A firewall is a device or set of devices designed to permit or deny network transmissions based upon a set of rules and is frequently used to protect networks from unauthorized access while permitting legitimate communications to pass.
Many personal computer operating systems include software-based firewalls to protect against threats from the public Internet. Many routers that pass data between networks contain firewall components and, conversely, many firewalls can perform basic routing functions.
The term firewall originally referred to a wall intended to confine a fire or potential fire within a building. Later uses refer to similar structures, such as the metal sheet separating the engine compartment of a vehicle or aircraft from the passenger compartment.
Firewall technology emerged in the late 1980s when the Internet was a fairly new technology in terms of its global use and connectivity. The predecessors to firewalls for network security were the routers used in the late 1980s
Clifford Stoll's discovery of German spies tampering with his system
Bill Cheswick's "Evening with Berferd" 1992 in which he set up a simple electronic to observe an attacker
In 1988, an employee at the NASA Ames Research Center in California sent a memo by email to his colleagues that read, "We are currently under attack from an Internet VIRUS! It has hit Berkeley, UC San Diego, Lawrence Livermore, Stanford, and NASA Ames."
The Morris Worm spread itself through multiple vulnerabilities in the machines of the time. Although it was not malicious in intent, the Morris Worm was the first large scale attack on Internet security; the online community was neither expecting an attack nor prepared to deal with one.
The first paper published on firewall technology was in 1988, when engineers from Digital Equipment Corporation (DEC) developed filter systems known as packet filter firewalls. This fairly basic system was the first generation of what became a highly involved and technical internet security feature. At AT&T Bell Labs, Bill Cheswick and Steve Bellovin were continuing their research in packet filtering and developed a working model for their own company based on their original first generation architecture.

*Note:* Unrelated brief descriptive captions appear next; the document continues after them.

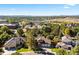 Aerial view of a lovely neighborhood with beautiful homes, mature trees, and well-manicured lawns at 5344 E Otero Dr, Centennial, CO 80122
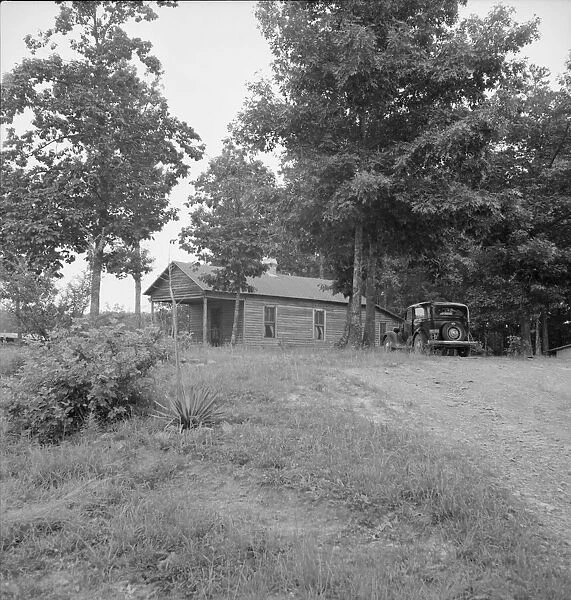 A 'shotgun'weatherboard house built in 1925, Person County, North Carolina, 1939. Creator: Dorothea Lange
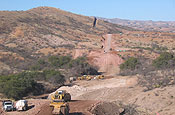 NOGALES, Ariz. South Dakota Army National Guardsmen, supporting the Southwest Border Patrol by participating in Operation Jump Start, are continuing their assigned mission to complete the construction of a 1.5 mile section of road just east of the town of Nogales along the U.S.-Mexico border. This is a view of the 1.5 mile road project from the top side; border fence is in the top left of the photo. (Army National Guard photo by Warrant Officer Brian Maschino)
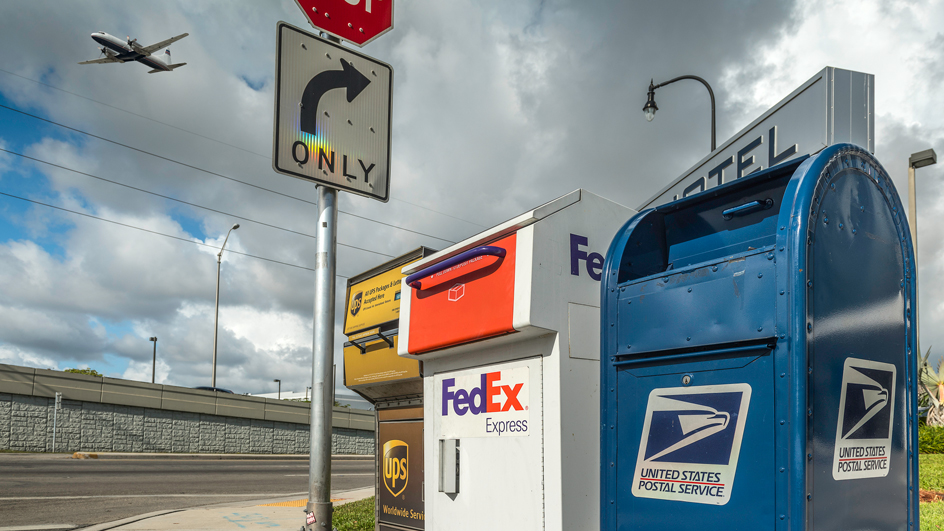 UPS, FedEx and USPS delivery boxes on a street corner.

Packet filters act by inspecting the "packets" which transfer between computers on the Internet. If a packet matches the packet filter's set of rules, the packet filter will drop (silently discard) the packet, or reject it (discard it, and send "error responses" to the source).
This type of packet filtering pays no attention to whether a packet is part of an existing stream of traffic (i.e. it stores no information on connection "state"). Instead, it filters each packet based only on information contained in the packet itself (most commonly using a combination of the packet's source and destination address, its protocol, and, for TCP and UDP traffic, the port number).
TCP and UDP protocols constitute most communication over the Internet, and because TCP and UDP traffic by convention uses well known ports for particular types of traffic, a "stateless" packet filter can distinguish between, and thus control, those types of traffic (such as web browsing, remote printing, email transmission, file transfer), unless the machines on each side of the packet filter are both using the same non-standard ports.
Packet filtering firewalls work mainly on the first three layers of the OSI reference model, which means most of the work is done between the network and physical layers, with a little bit of peeking into the transport layer to figure out source and destination port numbers. When a packet originates from the sender and filters through a firewall, the device checks for matches to any of the packet filtering rules that are configured in the firewall and drops or rejects the packet accordingly. When the packet passes through the firewall, it filters the packet on a protocol/port number basis (GSS). For example, if a rule in the firewall exists to block telnet access, then the firewall will block the TCP protocol for port number 23.